Robots.txt Http and Https
by admin on Mar.16, 2008, under SEO, Software, Systems
One of the big things a lot of people are doing these days is SEO or search engine optimization. I am not planning on going over a comprehensive guide for SEO right now but as I run into them in my own job I will post them here.
One of the more recent tasks I had was setting up a different robots.txt for our http site vs our https site. It is the same content but Google indexes them as two different copies of the content. Google then penalizes your site for duplicate content. Well you setup your robots.txt file to exclude the files and directories you want from the bots but it doesn’t help the http vs http. Both protocols will use the same robots.txt file and so you will end up with duplicate content in Google’s index.
Here is how to solve this problem when you are running IIS 6.0 on a Windows 2003 server. You will need to also be running ASP .Net 2.0 for this solution to work. You might be able to get this to work on other platforms but I have not tested them. What we will be doing here is creating a dynamic robots.txt file, it is only one file but it will display different results depending on if you connect with http or https.
1) Create your robots.txt file:
<%@ WebHandler Language="C#" Class="MyNamespace.robotshandler" %>
using System;
using System.Web;
namespace MyNamespace {
public class robotshandler: IHttpHandler {
public void ProcessRequest (HttpContext context) {
context.Response.ContentType = "text/plain";
context.Response.Write("User-agent: *\n");
if (context.Request.ServerVariables["Https"]=="off"){
// HTTP
context.Response.Write("Allow: /\n");
context.Response.Write("Disallow: /MyDisallowedDirectory/\n");
} else {
// HTTPS
context.Response.Write("Disallow: /");
}
}
public bool IsReusable {
get {return false;}
}
}
}
2) IIS needs to have .txt files passed through ASP .Net
- Open IIS and right click on your website and bring up the properties screen
- Go to Home Directory > Configuration. You will be on the Mappings Tab.
- Locate the ASPX item and click Edit - Copy the path in the Executable Field and cancel out of that window.
-Cancel
-Click “Add”
-Populate the Executable path with the value you copied in the last section
-Extension “.txt”
-Enter “GET” in the “Limit To” field
-Save and Exit
3) Need to modify web.config to process the .txt correctly
-Add the following under system.web: (Look for these sections in your web.config, most likely don’t have to add the httphandler tags because they will be in there already then just add the lines inside them.)
<httpHandlers>
<add path=”/robots.txt” verb=”GET” type=”System.Web.UI.SimpleHandlerFactory” />
<add path=”*.txt” verb=”GET” type=”System.Web.StaticFileHandler” />
</httpHandlers>
<buildProviders>
<add extension=”.txt” type=”System.Web.Compilation.WebHandlerBuildProvider” />
</buildProviders>
Make sure your new robots.txt file is in your root folder for your website and everything should be good to go. Try your website out with http then https and it should be different. You will have to modify the robots.txt file to exclude what folders and files you want.
1 Comment for this entry
1 Trackback or Pingback for this entry
-
Super-Networking Blog » Blog Archive » Robots.txt Http and Https - Part II
March 21st, 2008 on 1:18 pm[...] on splitting up the robots.txt you are showing based on if the bot was connecting on http or https here. I commented at the end that if this is an existing site and Google has already indexed your https [...]

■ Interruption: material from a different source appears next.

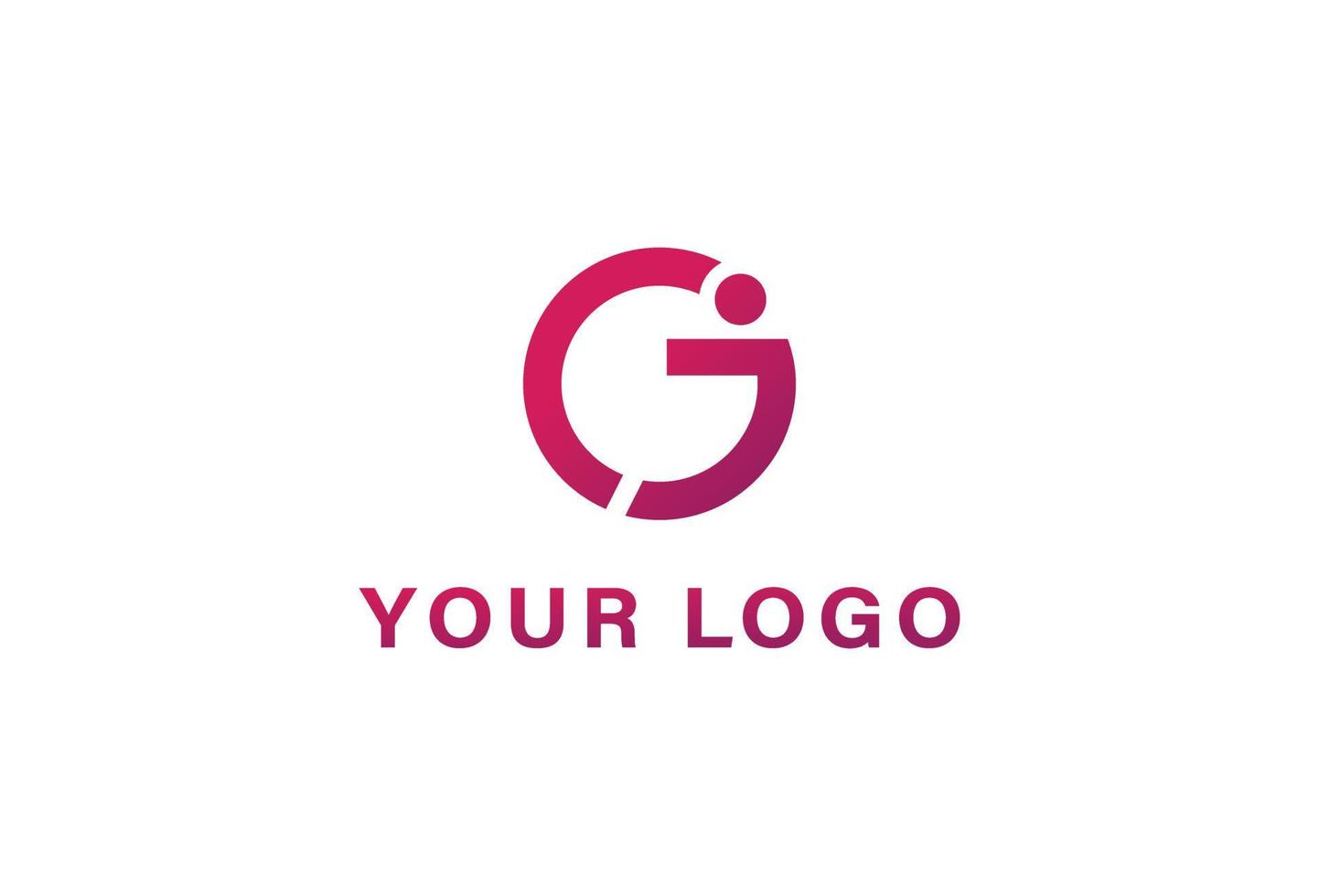 GJ, GI logo design template vector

March 17th, 2008 on 8:47 am
One thing to be aware of is this should be done when you are first setting up your site. You can run into problems if you put this into place on an existing site. What can happen is you tell Google not to reindex your https pages with your robots.txt but it will keep around the old ones it has already indexed.
You cannot use the URL removal tool to get rid of your https version of your site unless you want to get rid of your http content as well. What you can do is add some meta tags to your https content to tell Google to get rid of the old content. I will try to post on how to do this at a later time.